## TASK DESCRIPTION
Look for the line with "ZETA RACING TENERE700" in the data below, then reproduce word for word that line and every line after it. Leave out all pictures and add nothing.

## RECORDED INFORMATION

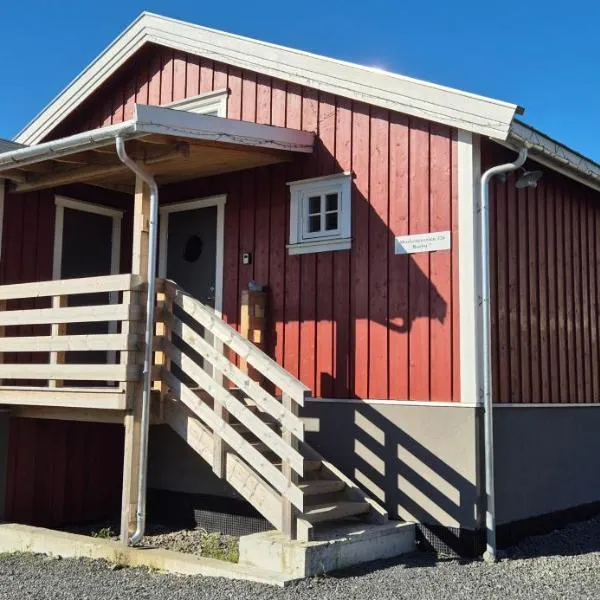 Andøy Vest Apartments Reine，位于雷讷的酒店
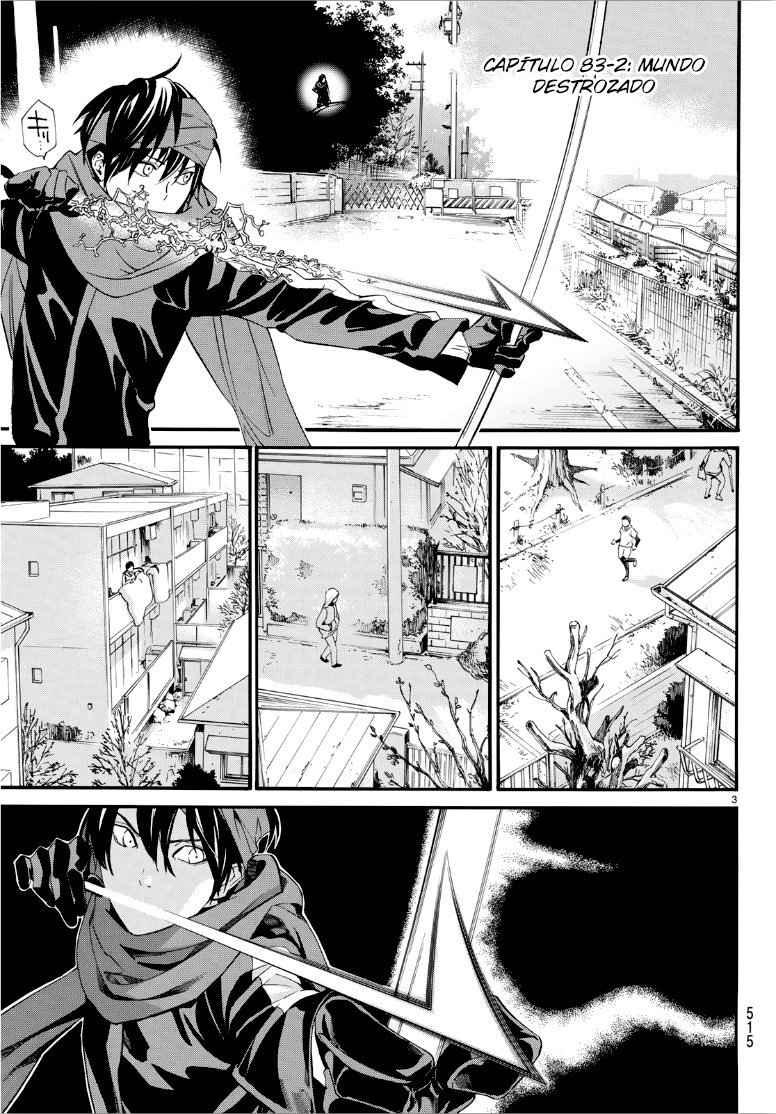 Read Noragami ES Manga Online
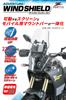 ZETA RACING TENERE700 Adventure Windshield Standard Screen Light Smoke Screen can be inverted Mobile device mounting Mount bar standard equipment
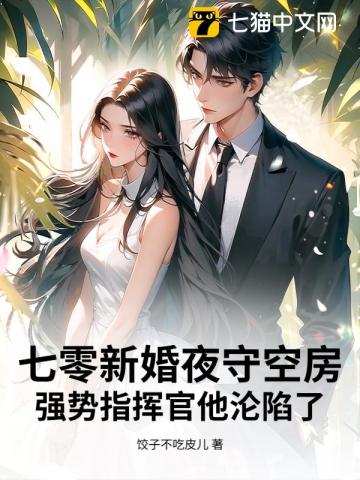 七零新婚夜守空房，强势指挥官他沦陷了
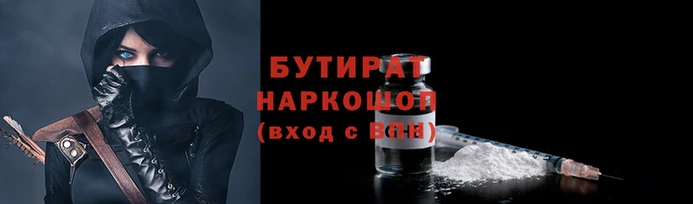 мефедрон Наволоки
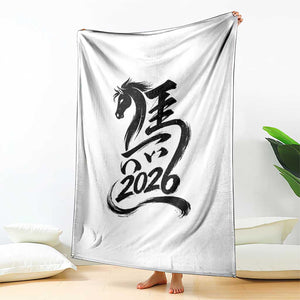Chinese New Year 2026 Throw Blanket Year of The Horse Calligraphy Ink Art TS11 Print Your Wear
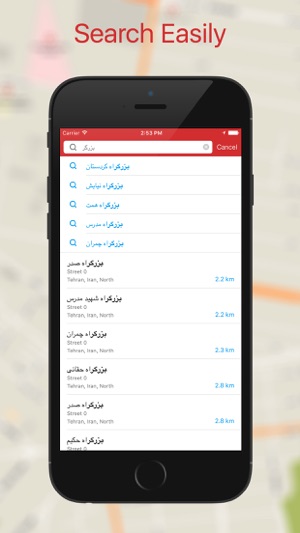 Pearl Maps - Iran: Offline Map with GPS Navigation(圖5)-速報App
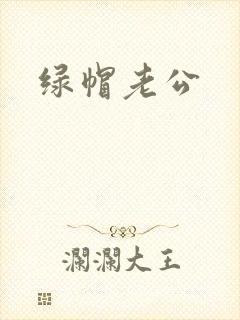 绿帽老公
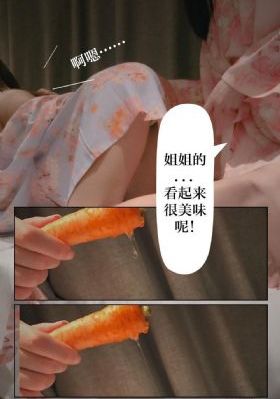 巨人族的新娘动画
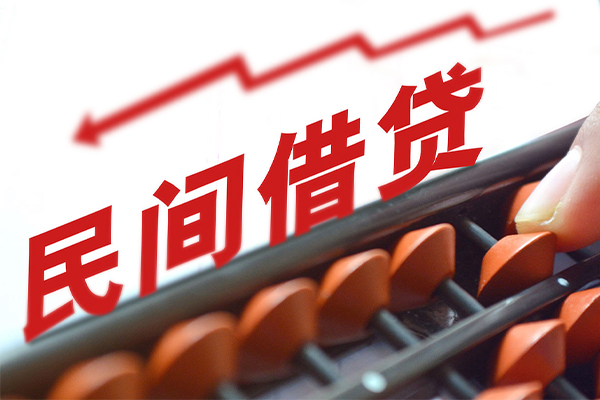 重庆信用应急贷款-重庆信用民间私借-重庆信用私借空放短借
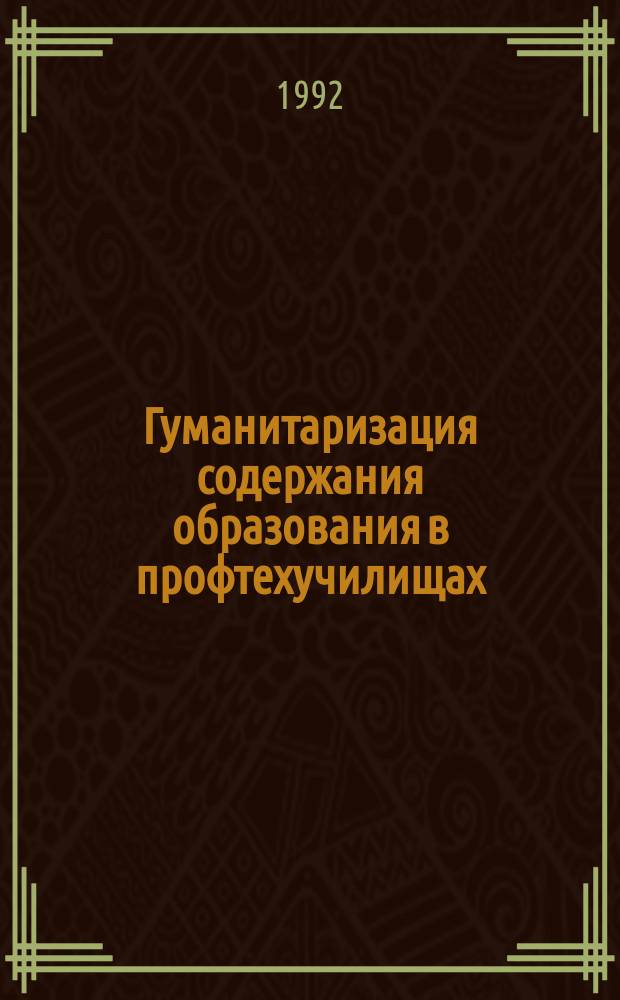 Гуманитаризация содержания образования в профтехучилищах : Метод пособие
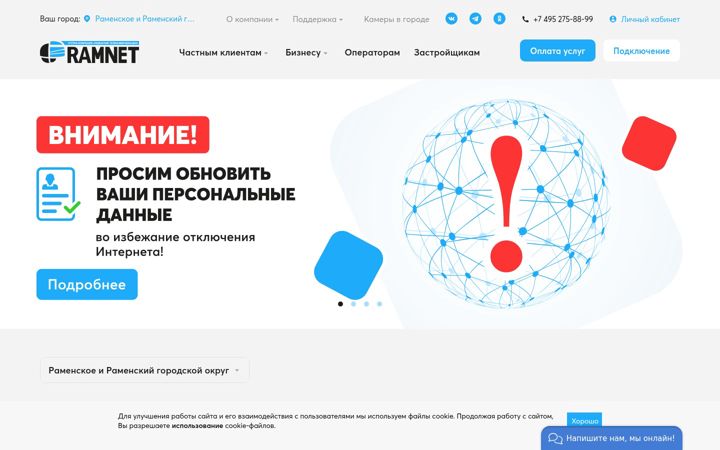 Screenshot of ramnet.ru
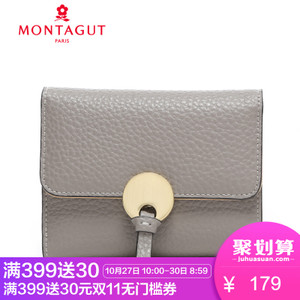 Montagut/梦特娇 R8329519322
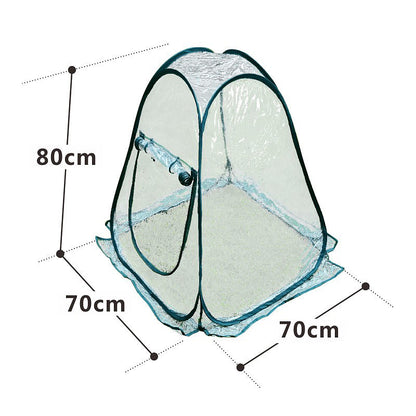 Mini Portable Greenhouse PVC Plant Grow Tent Cover by HitMyNeed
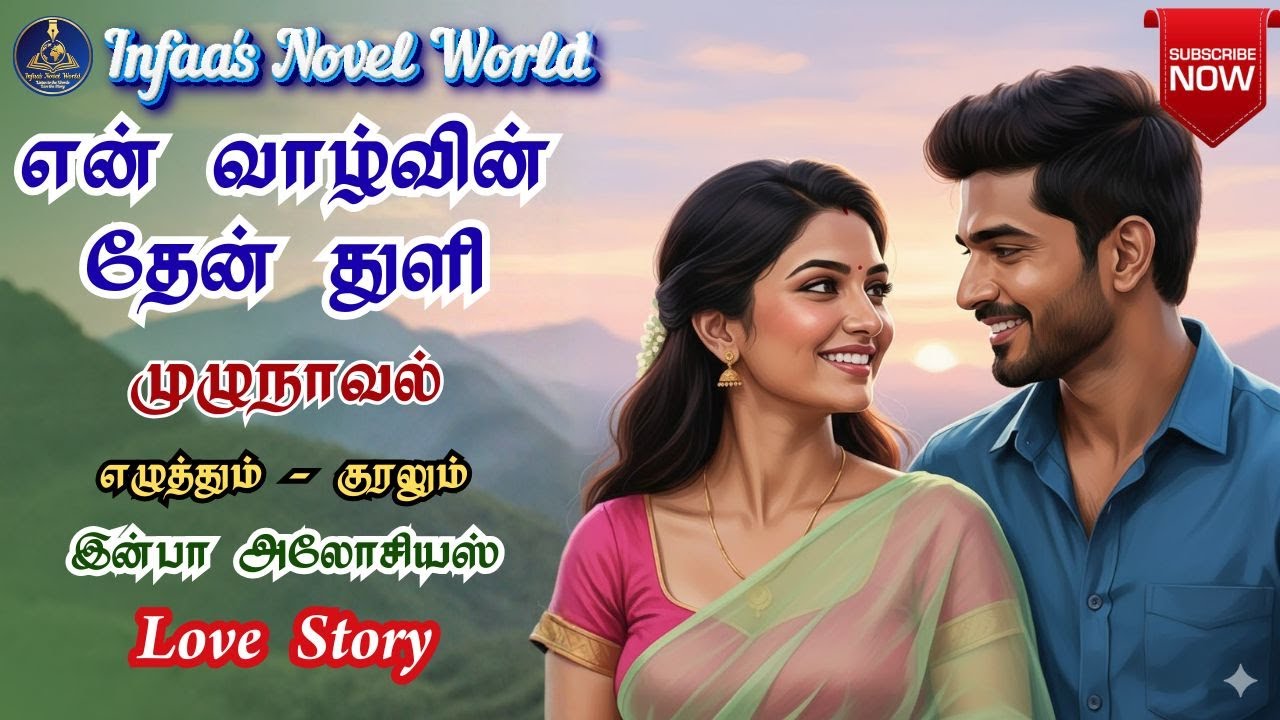 என் வாழ்வின் தேன் துளி | Infaa's Novel World | Infaa Alocious Novels | Romantic Novels | LoveStories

## COMPLETED EXERCISE
 ZETA RACING TENERE700 Adventure Windshield Standard Screen Light Smoke Screen can be inverted Mobile device mounting Mount bar standard equipment
 七零新婚夜守空房，强势指挥官他沦陷了
 мефедрон Наволоки
Chinese New Year 2026 Throw Blanket Year of The Horse Calligraphy Ink Art TS11 Print Your Wear
 Pearl Maps - Iran: Offline Map with GPS Navigation(圖5)-速報App
 绿帽老公
 巨人族的新娘动画
 重庆信用应急贷款-重庆信用民间私借-重庆信用私借空放短借
 Гуманитаризация содержания образования в профтехучилищах : Метод пособие
 Screenshot of ramnet.ru
 Montagut/梦特娇 R8329519322
 Mini Portable Greenhouse PVC Plant Grow Tent Cover by HitMyNeed
 என் வாழ்வின் தேன் துளி | Infaa's Novel World | Infaa Alocious Novels | Romantic Novels | LoveStories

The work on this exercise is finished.